* DATASET ENTRIES *
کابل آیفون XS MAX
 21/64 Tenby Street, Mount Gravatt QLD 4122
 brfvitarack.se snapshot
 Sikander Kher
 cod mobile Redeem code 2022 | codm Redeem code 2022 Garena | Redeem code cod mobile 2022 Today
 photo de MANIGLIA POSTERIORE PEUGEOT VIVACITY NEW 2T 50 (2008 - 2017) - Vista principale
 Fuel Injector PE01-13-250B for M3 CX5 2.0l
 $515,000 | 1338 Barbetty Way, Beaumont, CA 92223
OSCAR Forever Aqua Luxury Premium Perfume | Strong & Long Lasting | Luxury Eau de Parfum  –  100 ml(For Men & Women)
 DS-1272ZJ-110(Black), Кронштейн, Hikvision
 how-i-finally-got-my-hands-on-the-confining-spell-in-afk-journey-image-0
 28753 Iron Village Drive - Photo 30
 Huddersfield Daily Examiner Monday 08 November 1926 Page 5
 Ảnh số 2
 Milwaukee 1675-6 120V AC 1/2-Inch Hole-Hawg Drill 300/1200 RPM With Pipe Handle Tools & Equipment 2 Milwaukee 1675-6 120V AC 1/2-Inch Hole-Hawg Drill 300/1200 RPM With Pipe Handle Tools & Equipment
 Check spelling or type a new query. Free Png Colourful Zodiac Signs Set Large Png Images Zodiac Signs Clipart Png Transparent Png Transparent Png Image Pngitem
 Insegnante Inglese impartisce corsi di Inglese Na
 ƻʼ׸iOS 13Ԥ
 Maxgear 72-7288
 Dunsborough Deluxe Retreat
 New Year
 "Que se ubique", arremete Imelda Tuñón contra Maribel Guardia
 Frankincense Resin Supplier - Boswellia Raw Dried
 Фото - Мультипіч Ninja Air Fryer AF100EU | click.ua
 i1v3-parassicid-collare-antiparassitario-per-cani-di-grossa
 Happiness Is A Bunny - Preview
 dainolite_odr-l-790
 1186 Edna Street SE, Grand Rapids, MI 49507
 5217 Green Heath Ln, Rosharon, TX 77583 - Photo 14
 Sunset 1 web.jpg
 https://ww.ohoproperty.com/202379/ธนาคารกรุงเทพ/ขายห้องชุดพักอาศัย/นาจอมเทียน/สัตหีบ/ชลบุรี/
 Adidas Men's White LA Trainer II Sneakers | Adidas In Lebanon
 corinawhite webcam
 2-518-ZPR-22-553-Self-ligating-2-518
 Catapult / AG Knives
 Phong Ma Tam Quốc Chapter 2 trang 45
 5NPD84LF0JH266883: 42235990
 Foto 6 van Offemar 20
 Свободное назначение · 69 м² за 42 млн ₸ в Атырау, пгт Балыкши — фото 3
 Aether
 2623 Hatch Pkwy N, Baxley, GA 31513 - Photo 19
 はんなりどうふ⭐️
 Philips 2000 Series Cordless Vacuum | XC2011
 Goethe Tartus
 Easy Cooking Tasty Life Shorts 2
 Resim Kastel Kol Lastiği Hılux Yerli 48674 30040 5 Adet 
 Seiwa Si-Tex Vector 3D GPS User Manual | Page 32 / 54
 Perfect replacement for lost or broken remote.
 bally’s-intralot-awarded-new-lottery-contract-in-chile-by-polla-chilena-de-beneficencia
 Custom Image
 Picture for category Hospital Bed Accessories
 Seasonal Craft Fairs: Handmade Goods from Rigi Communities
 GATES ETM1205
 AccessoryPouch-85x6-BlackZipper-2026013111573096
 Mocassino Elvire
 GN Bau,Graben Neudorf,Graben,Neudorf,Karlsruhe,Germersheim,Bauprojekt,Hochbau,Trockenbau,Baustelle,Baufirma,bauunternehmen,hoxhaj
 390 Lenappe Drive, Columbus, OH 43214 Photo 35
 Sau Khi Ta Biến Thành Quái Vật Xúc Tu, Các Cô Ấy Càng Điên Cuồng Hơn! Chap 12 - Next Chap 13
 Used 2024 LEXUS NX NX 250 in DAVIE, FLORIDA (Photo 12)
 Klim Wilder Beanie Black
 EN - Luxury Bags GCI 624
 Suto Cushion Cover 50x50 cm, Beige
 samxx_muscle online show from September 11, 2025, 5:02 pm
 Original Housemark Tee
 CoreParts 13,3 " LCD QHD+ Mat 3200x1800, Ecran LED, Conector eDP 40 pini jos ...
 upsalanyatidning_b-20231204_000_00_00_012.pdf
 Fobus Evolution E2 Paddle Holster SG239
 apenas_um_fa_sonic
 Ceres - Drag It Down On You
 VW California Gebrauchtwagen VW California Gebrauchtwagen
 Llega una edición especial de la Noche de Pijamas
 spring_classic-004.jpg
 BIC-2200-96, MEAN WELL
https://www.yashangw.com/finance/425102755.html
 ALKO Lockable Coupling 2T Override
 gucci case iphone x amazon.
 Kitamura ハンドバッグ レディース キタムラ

* WORK TASK *
Reproduce all entries exactly, leaving each one whole.

* OUTPUT BELOW *
کابل آیفون XS MAX
 21/64 Tenby Street, Mount Gravatt QLD 4122
 brfvitarack.se snapshot
 Sikander Kher
 cod mobile Redeem code 2022 | codm Redeem code 2022 Garena | Redeem code cod mobile 2022 Today
 photo de MANIGLIA POSTERIORE PEUGEOT VIVACITY NEW 2T 50 (2008 - 2017) - Vista principale
 Fuel Injector PE01-13-250B for M3 CX5 2.0l
 $515,000 | 1338 Barbetty Way, Beaumont, CA 92223
OSCAR Forever Aqua Luxury Premium Perfume | Strong & Long Lasting | Luxury Eau de Parfum  –  100 ml(For Men & Women)
 DS-1272ZJ-110(Black), Кронштейн, Hikvision
 how-i-finally-got-my-hands-on-the-confining-spell-in-afk-journey-image-0
 28753 Iron Village Drive - Photo 30
 Huddersfield Daily Examiner Monday 08 November 1926 Page 5
 Ảnh số 2
 Milwaukee 1675-6 120V AC 1/2-Inch Hole-Hawg Drill 300/1200 RPM With Pipe Handle Tools & Equipment 2 Milwaukee 1675-6 120V AC 1/2-Inch Hole-Hawg Drill 300/1200 RPM With Pipe Handle Tools & Equipment
 Check spelling or type a new query. Free Png Colourful Zodiac Signs Set Large Png Images Zodiac Signs Clipart Png Transparent Png Transparent Png Image Pngitem
 Insegnante Inglese impartisce corsi di Inglese Na
 ƻʼ׸iOS 13Ԥ
 Maxgear 72-7288
 Dunsborough Deluxe Retreat
 New Year
 "Que se ubique", arremete Imelda Tuñón contra Maribel Guardia
 Frankincense Resin Supplier - Boswellia Raw Dried
 Фото - Мультипіч Ninja Air Fryer AF100EU | click.ua
 i1v3-parassicid-collare-antiparassitario-per-cani-di-grossa
 Happiness Is A Bunny - Preview
 dainolite_odr-l-790
 1186 Edna Street SE, Grand Rapids, MI 49507
 5217 Green Heath Ln, Rosharon, TX 77583 - Photo 14
 Sunset 1 web.jpg
 https://ww.ohoproperty.com/202379/ธนาคารกรุงเทพ/ขายห้องชุดพักอาศัย/นาจอมเทียน/สัตหีบ/ชลบุรี/
 Adidas Men's White LA Trainer II Sneakers | Adidas In Lebanon
 corinawhite webcam
 2-518-ZPR-22-553-Self-ligating-2-518
 Catapult / AG Knives
 Phong Ma Tam Quốc Chapter 2 trang 45
 5NPD84LF0JH266883: 42235990
 Foto 6 van Offemar 20
 Свободное назначение · 69 м² за 42 млн ₸ в Атырау, пгт Балыкши — фото 3
 Aether
 2623 Hatch Pkwy N, Baxley, GA 31513 - Photo 19
 はんなりどうふ⭐️
 Philips 2000 Series Cordless Vacuum | XC2011
 Goethe Tartus
 Easy Cooking Tasty Life Shorts 2
 Resim Kastel Kol Lastiği Hılux Yerli 48674 30040 5 Adet 
 Seiwa Si-Tex Vector 3D GPS User Manual | Page 32 / 54
 Perfect replacement for lost or broken remote.
 bally’s-intralot-awarded-new-lottery-contract-in-chile-by-polla-chilena-de-beneficencia
 Custom Image
 Picture for category Hospital Bed Accessories
 Seasonal Craft Fairs: Handmade Goods from Rigi Communities
 GATES ETM1205
 AccessoryPouch-85x6-BlackZipper-2026013111573096
 Mocassino Elvire
 GN Bau,Graben Neudorf,Graben,Neudorf,Karlsruhe,Germersheim,Bauprojekt,Hochbau,Trockenbau,Baustelle,Baufirma,bauunternehmen,hoxhaj
 390 Lenappe Drive, Columbus, OH 43214 Photo 35
 Sau Khi Ta Biến Thành Quái Vật Xúc Tu, Các Cô Ấy Càng Điên Cuồng Hơn! Chap 12 - Next Chap 13
 Used 2024 LEXUS NX NX 250 in DAVIE, FLORIDA (Photo 12)
 Klim Wilder Beanie Black
 EN - Luxury Bags GCI 624
 Suto Cushion Cover 50x50 cm, Beige
 samxx_muscle online show from September 11, 2025, 5:02 pm
 Original Housemark Tee
 CoreParts 13,3 " LCD QHD+ Mat 3200x1800, Ecran LED, Conector eDP 40 pini jos ...
 upsalanyatidning_b-20231204_000_00_00_012.pdf
 Fobus Evolution E2 Paddle Holster SG239
 apenas_um_fa_sonic
 Ceres - Drag It Down On You
 VW California Gebrauchtwagen VW California Gebrauchtwagen
 Llega una edición especial de la Noche de Pijamas
 spring_classic-004.jpg
 BIC-2200-96, MEAN WELL
https://www.yashangw.com/finance/425102755.html
 ALKO Lockable Coupling 2T Override
 gucci case iphone x amazon.
 Kitamura ハンドバッグ レディース キタムラ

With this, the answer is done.